Legal Framework: The False Claims Act
The suit is filed under the False Claims Act, which prohibits submitting false or fraudulent claims for payment to the U.S. government. Whistle‑blowers like Barlow can sue on behalf of the government and, if successful, receive a portion of any recovered damages—potentially up to three times the government’s loss. The act encourages insiders to report fraud that might otherwise go undetected, especially in high‑stakes areas such as defense contracting.
Procedural History and Government Non‑Intervention
Although filed in 2020, the case remained sealed until this spring, when a federal judge in New York ordered it unsealed after the U.S. Department of Justice declined to intervene. The government’s decision not to join the litigation does not reflect on the merits of the allegations; such determinations often take years and hinge on various strategic considerations. Barlow’s attorney, Jason T. Brown, emphasized that the Department’s non‑involvement leaves the whistle‑blower to pursue the case independently.
Potential Impacts on Federal Contractors
If the allegations are proven, IBM and AT&T could face substantial financial penalties, including treble damages under the False Claims Act, and may lose eligibility for future federal contracts. The case also raises broader questions about the cybersecurity hygiene of major government contractors and the adequacy of current disclosure requirements. Legislators and oversight bodies may use the outcome to advocate for stricter reporting standards and stronger enforcement mechanisms for contractors handling sensitive data.
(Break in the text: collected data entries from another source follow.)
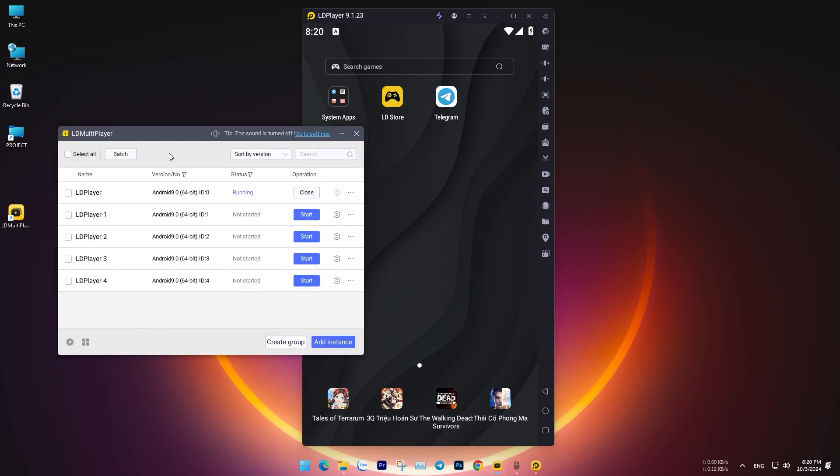In the FPS section, lower the value to the minimum for better performance. Then, click Save, and you're done.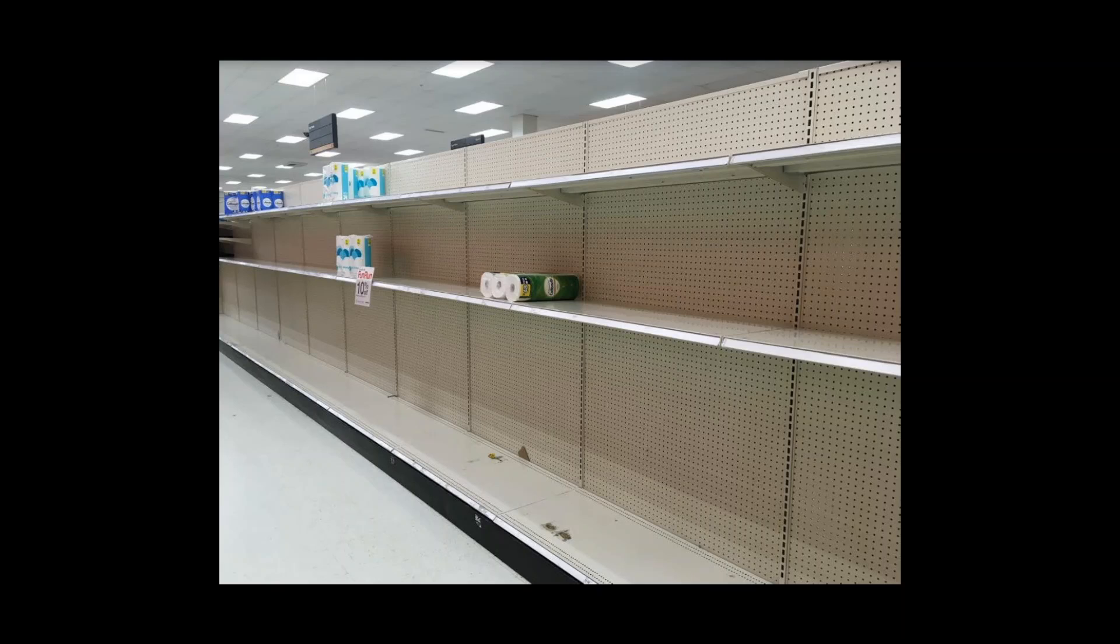Yet, just a week ago, food on shelves was plentiful, but the toilet paper was gone. Why?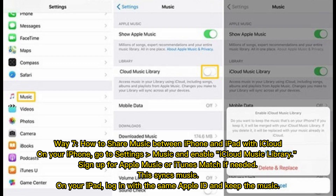Way 7: How to share music between iPhone and iPad with iCloud. On your iPhone, go to Settings, Music, and enable iCloud Music Library. Sign up for Apple Music or iTunes Match if needed. This syncs your music. On your iPad, log in with the same Apple ID and keep the music.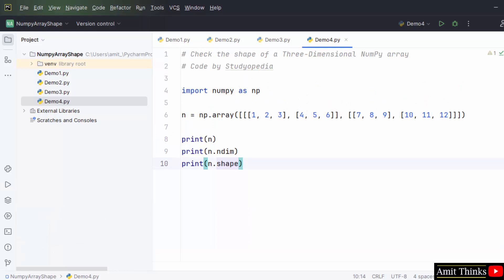In this video, we saw how we can work with NumPy array shape. We also saw what shape is and how we can find it for 0, 1, 2, and 3-dimensional arrays. Thank you for watching the video.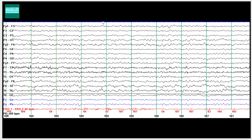Even before that, do you see any alpha rhythm? Let's look at P3O1 first. How many waves can you count here? 1, 2, 3, 4, 5, 6, 7-ish, 8-ish probably. But this does not continue in the rest of the channel.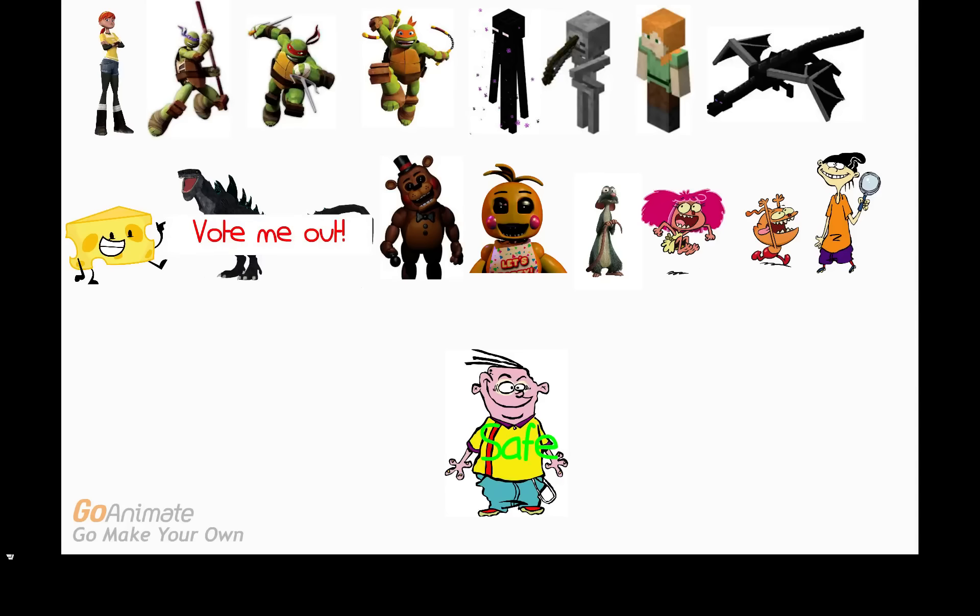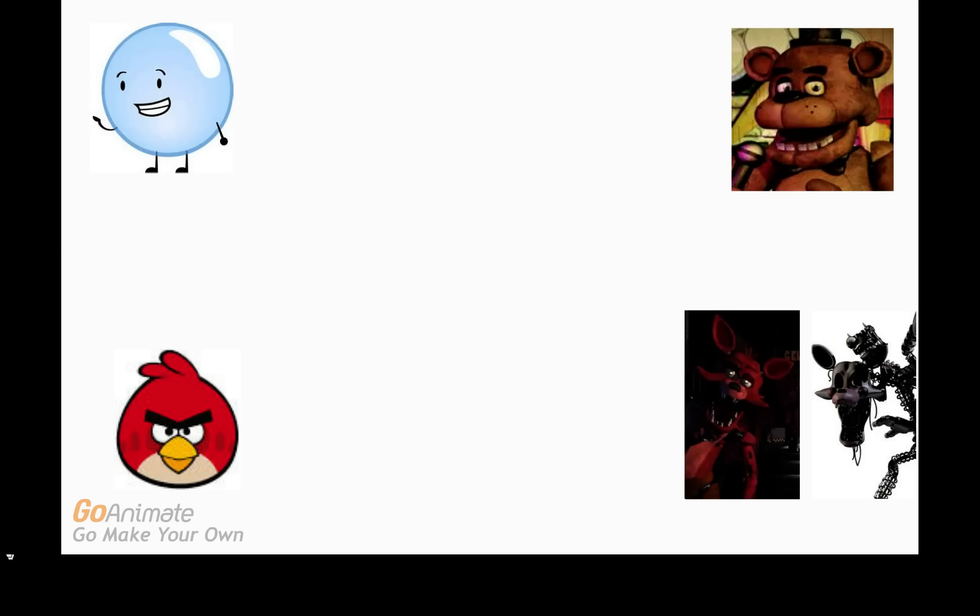Vote for who should be eliminated and who should have the prize. And Zilla gets the penalty which is the vote me out sign. And vote for who should hand out the prizes.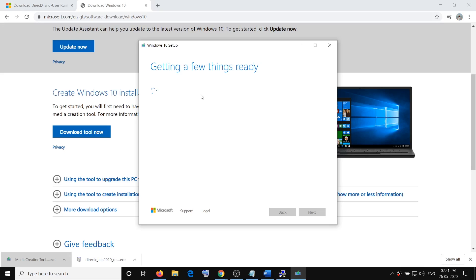Once the download is complete, you can proceed with the installation. Before the installation you will see the option by default that option will be checked, the option is keep your personal files and apps. Once that is checked you will not lose any data on the computer.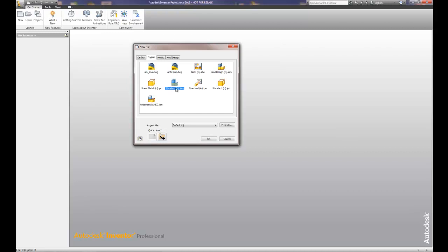Today we're going to start by using the standard IAM. This is called a top-down build. So we're going to start with the top, which is the assembly model, and then work backwards.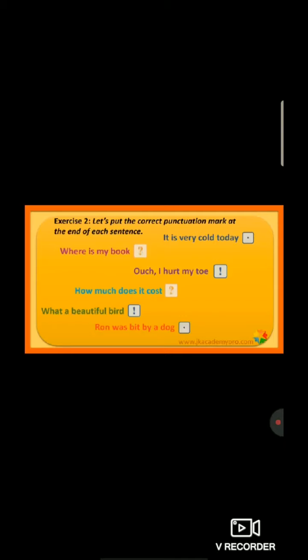The fourth sentence — How much does it cost? This sentence is a question, so it is an interrogative sentence and we add a question mark. The fifth one — What a beautiful bird! This is an exclamatory sentence, so it ends with an exclamatory mark. The last one — Ron was bitten by a dog. This is an assertive sentence, so this sentence ends with a full stop.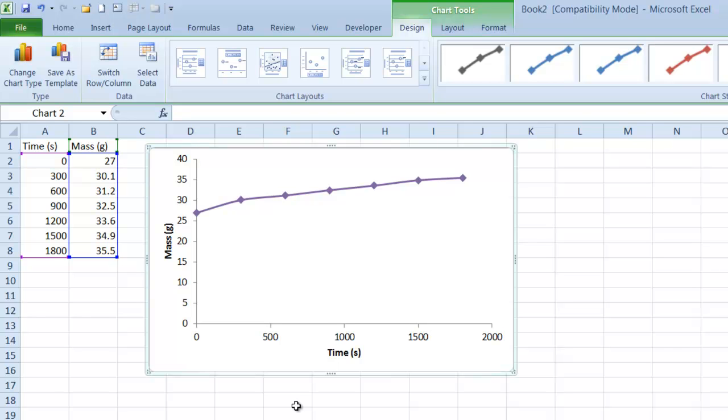I've got a different video which shows how to paste things into Word and how to format them, so you can check that one out if you need any help. And that is creating a simple scatter plot in Excel.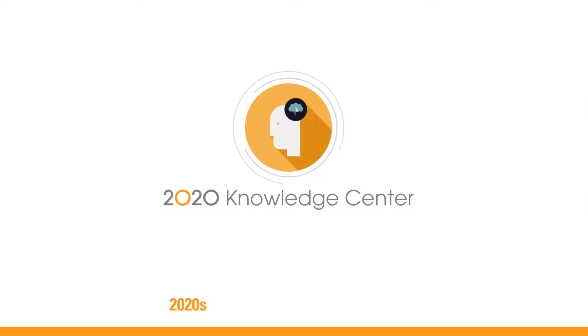Turn your questions into answers in seconds with the 2020 Knowledge Center.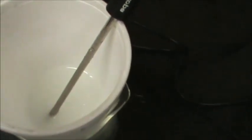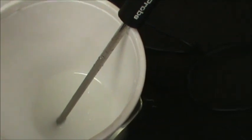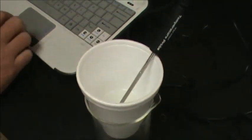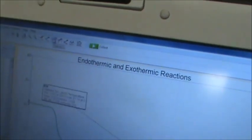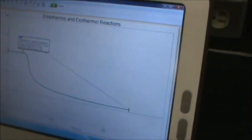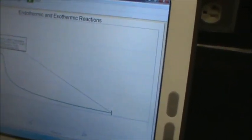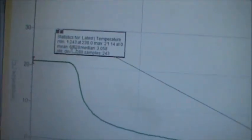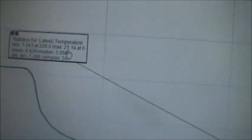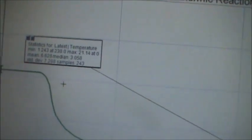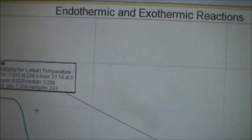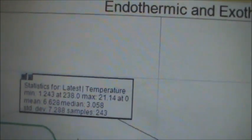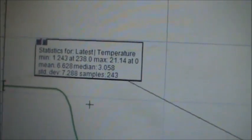Now that the first reaction is done, we make our final observations — the fizzing has calmed down to barely anything. We follow step eight and dispose of the chemical reaction by dumping it down the drain. In step nine, we click on the Statistics button at the top. A dialog box comes up showing important information: minimum temperature, maximum temperature, mean, median, and standard deviation. Our initial temperature was about 21.14 degrees Celsius and our final temperature was about 1.24 degrees Celsius.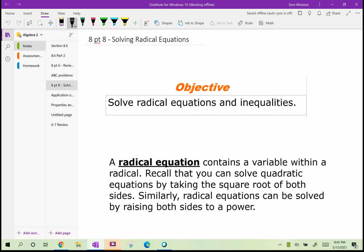Good morning everyone. Today we'll look at solving radical equations — we won't worry about inequalities, we'll just look at radical equations. Solving radical equations is really no different than solving equations that you are used to.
Statements from the Parties Involved
IBM spokesperson Adam Pratt dismissed the lawsuit, stating that the company is confident its actions complied with the law and noting that the Department of Justice’s decision not to intervene underscores the lack of merit in the claims. AT&T did not respond to requests for comment, and the Chinese Embassy likewise declined to address the allegations. Barlow’s attorney reiterated that the whistle‑blower remains committed to “aggressively litigating” the matter, arguing that selling cybersecurity services to the federal government while allegedly harboring significant internal security flaws is contradictory and unlawful.
Conclusion
The Barlow lawsuit shines a spotlight on alleged systemic cybersecurity failures and concealment practices at two of the nation’s largest technology and telecommunications providers. While the legal proceedings are still pending, the case already serves as a cautionary tale about the importance of transparent breach reporting, robust incident‑response capabilities, and accountability for contractors entrusted with protecting government data. The outcome could reshape how federal agencies vet and monitor the security practices of their private‑sector partners.